Current Speech...() apps only let you work with one engine at a time. This presents challenges in multi-lingual IVR environments, situations where you are testing different engines, cloud evaporation events, etc.

The forthcoming patch will allow you to configure the horses inside your engine and sequentially feed them audio frames. It is still a little leaky, eschews linked lists for arrays, and requires additional patches to the engines themselves to do anything useful (patches also forthcoming there eg. Vosk.)

But the dialplan will look like this -- note the carets used to separate the horses (because :horse: :heart: :carrot: :)

exten => 46773,1,NoOp(H-O-R-S-E) 
 same = n,Set(TIMEOUT(D)=1)
 same = n,Set(SPEECH_DTMF_MAXLEN=2)
 same = n,SpeechCreate(vosk^mage)
 same = n,SpeechCreate(vosk^secretariat)
 same = n,SpeechBackground(dial-here-often,5,,mage^secretariat)
 same = n,Set(speechtext0mage=${SPEECH_TEXT(0^mage)})
 same = n,Set(speechtext0secretariat=${SPEECH_TEXT(0^secretariat)})
 same = n,SpeechDestroy(vosk^mage)
 same = n,SpeechDestroy(vosk^secretariat)
 same = n,SpeechCreate(vosk^mage)
 same = n,SpeechCreate(vosk^secretariat)
 same = n,SpeechBackground(that-tickles,5,p,mage^secretariat)
 same = n,Set(speechtext0mage=${SPEECH_TEXT(0^mage)})
 same = n,Set(speechtext0secretariat=${SPEECH_TEXT(0^secretariat)})
 same = n,SpeechDestroy(vosk^mage)
 same = n,SpeechDestroy(vosk^secretariat)

And the corresponding res_speech_vosk.conf:

[general]

[mage]
type=horse
url = ws://localhost:2700

[secretariat]
type=horse
url = ws://localhost:2701

You might replace mage and secretariat with en and es...

jcolp commented 3 months ago

This sounds like a major rearchitecture. Such things should really be discussed ahead of time, for example this would need to be backwards compatible to go into any current branches or even master.

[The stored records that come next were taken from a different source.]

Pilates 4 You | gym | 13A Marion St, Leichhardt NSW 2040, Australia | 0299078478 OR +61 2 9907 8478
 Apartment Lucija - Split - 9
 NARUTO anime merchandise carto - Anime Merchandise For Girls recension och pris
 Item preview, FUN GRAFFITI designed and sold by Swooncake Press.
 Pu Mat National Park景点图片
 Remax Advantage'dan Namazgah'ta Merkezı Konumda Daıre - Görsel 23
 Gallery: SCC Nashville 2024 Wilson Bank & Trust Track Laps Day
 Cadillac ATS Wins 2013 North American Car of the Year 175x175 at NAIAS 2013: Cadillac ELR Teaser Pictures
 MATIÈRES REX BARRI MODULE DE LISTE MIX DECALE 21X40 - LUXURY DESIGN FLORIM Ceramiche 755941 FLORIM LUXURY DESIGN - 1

jcolp commented 3 months ago

With the place to discuss such things being https://groups.io/g/asterisk-dev

chrsmj commented 3 months ago

Patch is backwards compatible. May we speak about it next week at AstriDevCon ?

jcolp commented 3 months ago

We could, but things should still happen or be recorded in a location where others can participate over a period of time and where it can be referenced for historical purposes.

jcolp commented 3 months ago

As well, the way that AEAP handles this is it registers multiple engines each with a unique name, so I don't see why this needs to be that aware of the special ^ thing as it is.

chrsmj commented 3 months ago

There is precedent elsewhere for the Caret separator when things get clever eg. Dial() 'b' and 'B' options. Colon is for string trimming. Comma is over-used - only added one more in the patch, heh. Extra Parenthesis wrapping ))))) is a reason why some shudder and reach for a GPL instead. Bringing some of the cool parts of AEAP functionality back to plain-jane dial plan DSL is one goal of this patch design.

And in the future, AEAP could be extended with this new horse decorator as well:

[my-speech-to-text]
type=client
codecs=!all,ulaw
url=ws://127.0.0.1:9099
protocol=speech_to_text

[nyquist]
type=horse
url=ws://127.0.0.1:2016

[majestic_prince]
type=horse
url=ws://127.0.0.1:1969

Then you could race all four:

exten => 33729,1,NoOp(D-E-R-B-Y) 
 same = n,Set(TIMEOUT(D)=1)
 same = n,Set(SPEECH_DTMF_MAXLEN=2)

 same = n,SpeechCreate(vosk^mage)
 same = n,SpeechCreate(vosk^secretariat)
 same = n,SpeechCreate(my-speech-to-text^nyquist)
 same = n,SpeechCreate(my-speech-to-text^majestic_prince)

 same = n,SpeechBackground(dial-here-often,5,,mage^secretariat^nyquist^majestic_prince)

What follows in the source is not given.